Four hundred years ago this April, Edward Coke of Trinity College, Cambridge, was admitted to the Inner Temple, an event momentous not merely in the history of the inn but also in the history of the common law. For it was in 1572 that young Coke began to attend the courts and to observe the decisions there, to listen to Bendlowes and Plowden and Dyer as they opened for him the secrets of jurisprudence. He was to continue his attendance at Westminster Hall for forty-four years, and from 1579 to record all the important cases which came to his notice. It is, therefore, an auspicious moment to remember Coke's achievement as a reporter of cases, a matter of particular interest in ‘that famous University of Cambridge, alma mea mater’, to whose legal offspring Coke's literary works were especially addressed.

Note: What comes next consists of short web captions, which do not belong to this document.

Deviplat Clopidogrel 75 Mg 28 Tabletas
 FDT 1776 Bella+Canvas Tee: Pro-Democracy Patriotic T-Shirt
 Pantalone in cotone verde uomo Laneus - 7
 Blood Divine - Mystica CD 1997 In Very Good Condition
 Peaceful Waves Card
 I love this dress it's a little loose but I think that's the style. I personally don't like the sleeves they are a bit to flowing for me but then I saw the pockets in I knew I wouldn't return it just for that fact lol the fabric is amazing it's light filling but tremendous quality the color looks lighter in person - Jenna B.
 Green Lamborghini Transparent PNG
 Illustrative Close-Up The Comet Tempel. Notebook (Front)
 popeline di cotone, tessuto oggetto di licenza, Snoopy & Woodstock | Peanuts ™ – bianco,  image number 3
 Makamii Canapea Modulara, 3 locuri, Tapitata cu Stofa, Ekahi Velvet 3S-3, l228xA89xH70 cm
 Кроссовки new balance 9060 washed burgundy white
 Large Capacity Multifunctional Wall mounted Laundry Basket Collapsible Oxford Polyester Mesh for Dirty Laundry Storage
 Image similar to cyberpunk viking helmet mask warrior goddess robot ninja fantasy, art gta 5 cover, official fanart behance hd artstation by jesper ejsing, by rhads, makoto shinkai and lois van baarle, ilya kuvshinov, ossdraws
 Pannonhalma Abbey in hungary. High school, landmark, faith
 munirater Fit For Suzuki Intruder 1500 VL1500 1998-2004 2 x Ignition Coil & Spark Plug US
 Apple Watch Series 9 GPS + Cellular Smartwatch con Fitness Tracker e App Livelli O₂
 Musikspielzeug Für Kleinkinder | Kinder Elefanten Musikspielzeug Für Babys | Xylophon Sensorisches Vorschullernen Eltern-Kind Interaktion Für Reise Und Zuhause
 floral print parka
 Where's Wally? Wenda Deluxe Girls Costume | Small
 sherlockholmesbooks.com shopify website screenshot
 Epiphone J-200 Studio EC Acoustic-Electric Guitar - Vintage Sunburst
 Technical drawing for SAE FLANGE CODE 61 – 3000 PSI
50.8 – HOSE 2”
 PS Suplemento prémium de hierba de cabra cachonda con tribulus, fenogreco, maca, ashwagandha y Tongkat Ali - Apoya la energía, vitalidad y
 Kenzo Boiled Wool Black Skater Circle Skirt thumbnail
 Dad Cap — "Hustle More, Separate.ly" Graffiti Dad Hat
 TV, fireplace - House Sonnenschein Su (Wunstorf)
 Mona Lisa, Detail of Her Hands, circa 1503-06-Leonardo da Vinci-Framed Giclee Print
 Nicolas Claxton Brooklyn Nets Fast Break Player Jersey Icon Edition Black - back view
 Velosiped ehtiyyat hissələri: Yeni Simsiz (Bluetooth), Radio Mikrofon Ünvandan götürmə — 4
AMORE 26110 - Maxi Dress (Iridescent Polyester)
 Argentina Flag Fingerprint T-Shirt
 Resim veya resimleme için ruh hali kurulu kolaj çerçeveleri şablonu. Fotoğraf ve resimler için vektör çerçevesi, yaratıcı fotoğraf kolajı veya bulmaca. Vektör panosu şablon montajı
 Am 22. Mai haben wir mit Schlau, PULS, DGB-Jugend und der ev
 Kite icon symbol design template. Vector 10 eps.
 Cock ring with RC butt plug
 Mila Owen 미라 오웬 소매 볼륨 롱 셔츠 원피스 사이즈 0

It is unnecessary to sing the praises of Coke's Reports as sources of law and history. For all their quaint defects they ‘will last to be admired by the judicious posterity whilst fame hath a trumpet left her, and any breath to blow therein’. In view of their undiminished importance, the almost complete absence of original textual studies is somewhat remarkable. In the latest edition of the Reports, published as long ago as 1826, Mr J. H. Thomas attempted to sever the personal comment and digression from the actual resolutions of the courts; but his only guide was his own instinct, corroborated where possible from other contemporary reports.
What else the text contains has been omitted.